Plusieurs voix se sont élevées ces derniers jours pour réclamer justice pour Ilemo Mosengo Nzuzi, un Congolais qui aurait été détenu pendant sept mois par un militaire à la suite d’un incident de circulation impliquant une escorte officielle. Selon les informations relayées, il aurait été arrêté pour avoir dépassé une escorte alors qu’il circulait à moto. À sa sortie, son état de santé apparaît fortement altéré, avec une perte de poids marquée et une incapacité à se déplacer, des images largement relayées sur les réseaux sociaux.
Cette mobilisation s’est amplifiée après la publication, le 14 janvier 2026, d’une vidéo devenue virale, ravivant le débat sur le respect des droits fondamentaux et les conditions de détention. Sur les plateformes numériques, de nombreux internautes, militants et défenseurs des droits humains appellent à l’établissement des responsabilités et à des poursuites contre les auteurs présumés des faits.

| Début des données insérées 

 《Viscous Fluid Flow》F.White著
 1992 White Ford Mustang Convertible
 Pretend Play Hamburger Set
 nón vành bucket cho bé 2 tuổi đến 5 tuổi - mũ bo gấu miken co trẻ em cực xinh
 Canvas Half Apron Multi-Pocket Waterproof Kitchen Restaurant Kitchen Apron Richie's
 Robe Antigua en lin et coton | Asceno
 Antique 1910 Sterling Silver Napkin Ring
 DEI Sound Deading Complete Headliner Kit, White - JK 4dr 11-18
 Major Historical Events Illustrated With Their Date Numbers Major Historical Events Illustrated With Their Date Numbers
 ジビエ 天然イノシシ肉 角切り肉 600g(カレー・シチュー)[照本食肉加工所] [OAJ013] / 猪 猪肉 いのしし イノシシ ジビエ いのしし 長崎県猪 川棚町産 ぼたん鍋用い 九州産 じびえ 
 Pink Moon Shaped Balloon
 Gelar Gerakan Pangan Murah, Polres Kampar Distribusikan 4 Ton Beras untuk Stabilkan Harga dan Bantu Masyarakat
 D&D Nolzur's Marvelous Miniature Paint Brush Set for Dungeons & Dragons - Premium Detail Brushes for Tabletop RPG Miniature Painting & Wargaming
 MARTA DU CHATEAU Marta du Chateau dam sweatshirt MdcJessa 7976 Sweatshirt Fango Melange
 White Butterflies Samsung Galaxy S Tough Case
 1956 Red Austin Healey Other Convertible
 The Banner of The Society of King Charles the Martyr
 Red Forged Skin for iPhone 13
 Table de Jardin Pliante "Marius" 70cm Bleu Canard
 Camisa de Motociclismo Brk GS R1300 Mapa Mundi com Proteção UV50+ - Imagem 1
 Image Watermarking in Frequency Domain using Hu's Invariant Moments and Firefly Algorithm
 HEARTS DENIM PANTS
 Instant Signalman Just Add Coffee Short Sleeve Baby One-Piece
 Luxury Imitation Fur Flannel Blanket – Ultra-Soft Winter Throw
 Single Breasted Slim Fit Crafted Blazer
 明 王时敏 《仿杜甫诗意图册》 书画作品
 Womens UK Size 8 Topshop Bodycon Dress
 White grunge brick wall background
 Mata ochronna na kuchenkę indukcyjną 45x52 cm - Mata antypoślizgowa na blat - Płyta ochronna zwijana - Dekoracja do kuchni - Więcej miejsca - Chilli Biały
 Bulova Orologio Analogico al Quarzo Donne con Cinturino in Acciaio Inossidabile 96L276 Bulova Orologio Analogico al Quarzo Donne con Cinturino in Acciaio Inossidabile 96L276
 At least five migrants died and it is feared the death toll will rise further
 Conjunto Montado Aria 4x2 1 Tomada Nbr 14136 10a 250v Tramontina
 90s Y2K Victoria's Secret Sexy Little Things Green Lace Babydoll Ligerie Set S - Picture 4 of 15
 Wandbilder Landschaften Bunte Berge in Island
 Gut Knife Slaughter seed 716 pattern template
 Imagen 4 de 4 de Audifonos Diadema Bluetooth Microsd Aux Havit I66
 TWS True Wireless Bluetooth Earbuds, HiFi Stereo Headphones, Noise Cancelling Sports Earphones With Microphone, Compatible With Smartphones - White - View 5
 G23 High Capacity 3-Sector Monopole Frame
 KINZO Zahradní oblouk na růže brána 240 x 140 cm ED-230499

Face à l’ampleur des réactions, le ministère des Droits humains est sorti de son silence à travers un communiqué daté du 15 janvier 2026. Il y indique que « le dossier de notre compatriote Ilemo Mosengo Nzuzi (…) est suivi et documenté depuis le 20 décembre 2025 », tout en réaffirmant l’attachement du Gouvernement à la promotion et à la protection des droits humains.
Dans ce document, le ministère rappelle que la liberté constitue le principe en matière de poursuites pénales et que la privation de liberté demeure une exception. Il recommande aux autorités judiciaires une observance accrue de la présomption d’innocence et de la liberté durant le procès pénal, alors que l’opinion publique reste attentive à l’évolution de cette affaire emblématique.